**** RECORDED INFORMATION ****

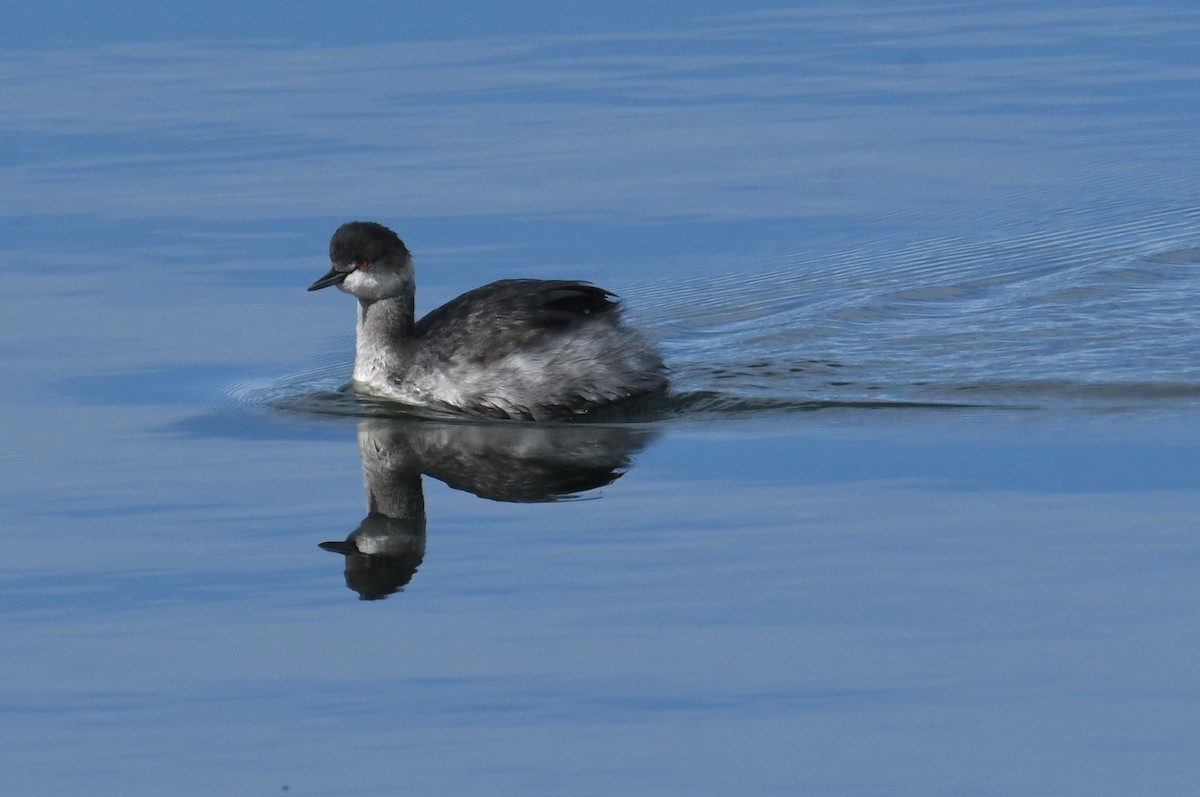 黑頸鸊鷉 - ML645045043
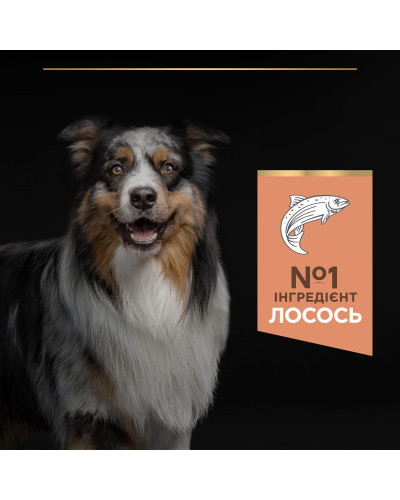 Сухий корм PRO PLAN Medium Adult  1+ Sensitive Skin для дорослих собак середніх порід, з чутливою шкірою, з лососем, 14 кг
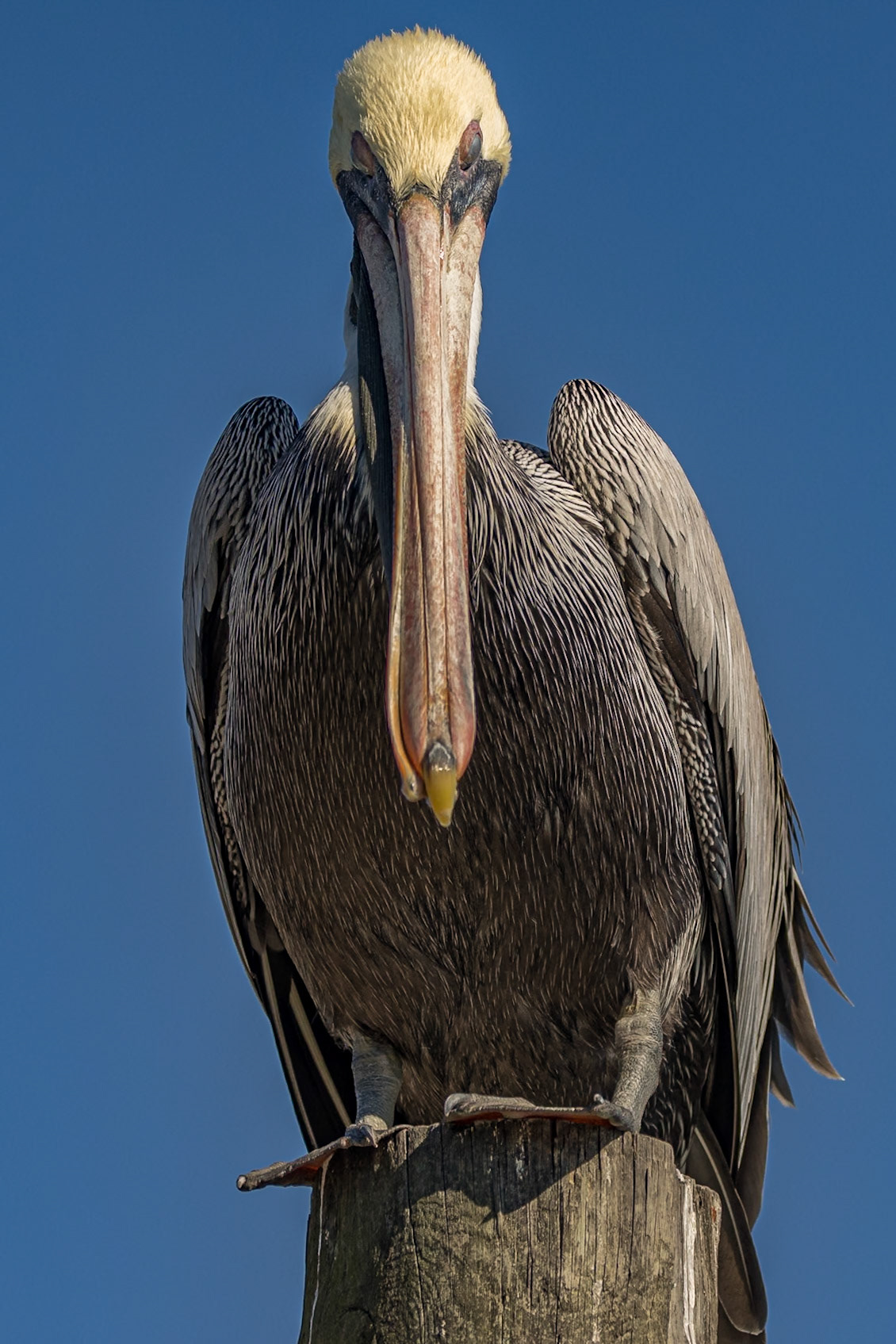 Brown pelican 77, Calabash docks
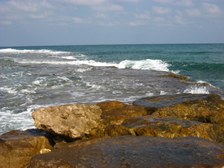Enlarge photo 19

****

What is needed is the listing above, repeated verbatim, without its images.

REPLY ::
 黑頸鸊鷉 - ML645045043
 Сухий корм PRO PLAN Medium Adult  1+ Sensitive Skin для дорослих собак середніх порід, з чутливою шкірою, з лососем, 14 кг
 Brown pelican 77, Calabash docks
Enlarge photo 19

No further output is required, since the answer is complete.